WARNING: This is Version 1 of my old archive, so Photos will NOT work and many links will NOT work. But you can find articles by searching on the Titles. There is a lot of information in this archive. Use the SEARCH BAR at the top right. Prior to December 2012; I was a pro-Christian type of Conservative. I was unaware of the mass of Jewish lies in history, especially the lies regarding WW2 and Hitler. So in here you will find pro-Jewish and pro-Israel material. I was definitely WRONG about the Boeremag and Janusz Walus. They were for real.

Original Post Date: 2004-02-19  Posted By: Jan

From the News Archives of: WWW.AfricanCrisis.Org
Date & Time Posted: 2/19/2004 6:33:45 AM
USA: Black Diplomat apologises for slavery

[Here’s an interesting and promising item. Some blacks from Africa admit to playing their part in slavery!! If only there was more honesty like this from blacks then race relations could improve properly.

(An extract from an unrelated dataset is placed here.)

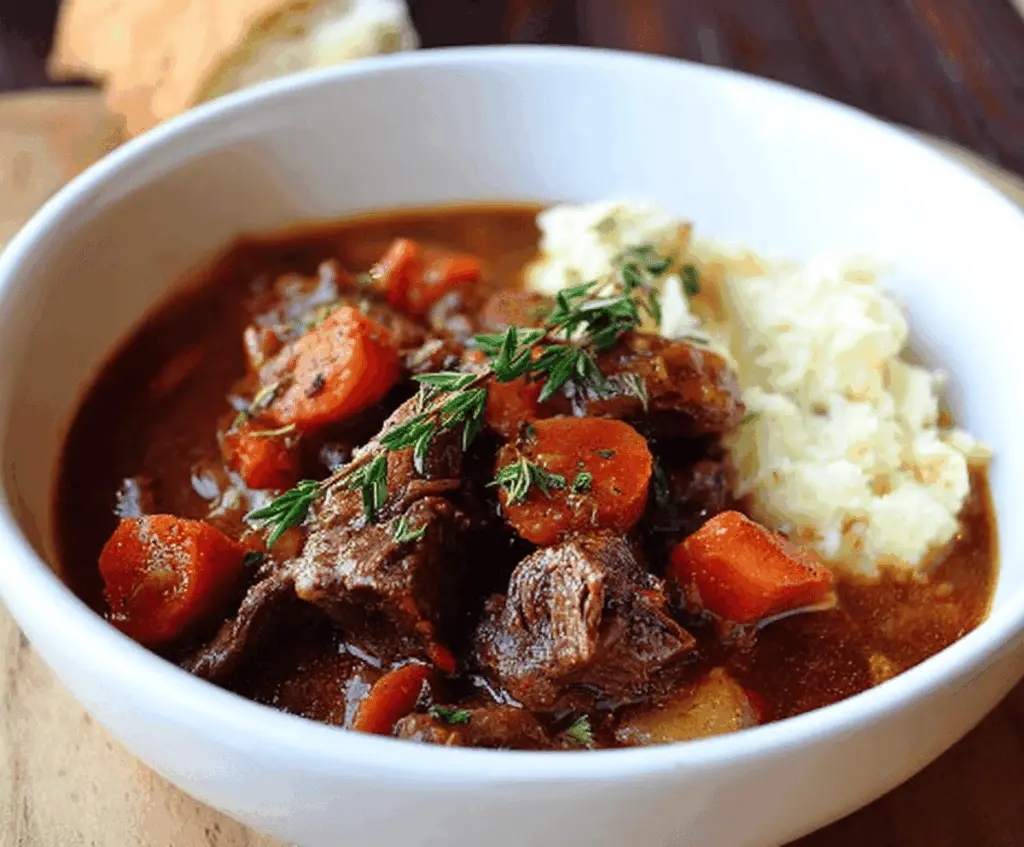 Hearty Pioneer Woman's Crockpot Beef Stew with tender beef chunks, vegetables, and savory broth served in a rustic bowl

Jan]

Mobile, Alabama – A diplomat from Benin has travelled to America carrying an apology from the president for his country’s role in the slave trade.

On behalf of Benin’s Agency for Reconciliation and Development, Simon Pierre Adovelande apologised on Tuesday to students at a mainly black school in Plateau, a suburb of Mobile, Alabama, for his country’s participation in the slave trade more than 100 years ago.

In 1859, Benin, on Africa’s west coast, sold 116 slaves to a sailor from Alabama on a ship called the Clotilde – the last slave ship to arrive in America.

Thirty of those Africans eventually created their own settlement in northeast Mobile, and it came to be known as AfricaTown. The area today is known as Plateau,

“The people in my country — we miss a part of ourselves,” he said. “We’re looking at the people here like a tree that has lost its branches. Without branches, you can have no fruit.”

On behalf of his country’s president, Adovelande plans to issue another formal apology to slave descendants on Sunday at a Baptist Church in Alabama.

This week he will meet with business and community leaders to discuss increasing trade and tourism between Benin and south Alabama.

Adovelande said that while he wanted to teach the children about their roots, he also wanted them to understand that his people are not much different from the people of Mobile.

“I want to eliminate the images that Africa means war, that Africa means disease, that Africa means everything that is bad,” he said.

Teacher Deonne Wilson said she hoped Adovelande’s visit would help “bridge the gap we’ve been missing, so we can clarify our misconceptions and get an idea about what life is like in another country”.

“Everything he told us was different from what I had heard about Africa,” said 13-year-old Michelle Reed.

Fourteen-year-old Raphael Poellaitz, agreed: “It’s good to know about the country, because we are African Americans.”

The act of importing slaves into America was outlawed in the early 1800s, but the Mobile County sailor, on a bet, according to historical accounts, sneaked through a federal blockade to buy slaves from Benin, formerly Dahomey.

The 116 Africans representing different tribes who had been captured during internal governmental conflicts and resulting skirmishes were brought back to America undetected, according to a history of AfricaTown.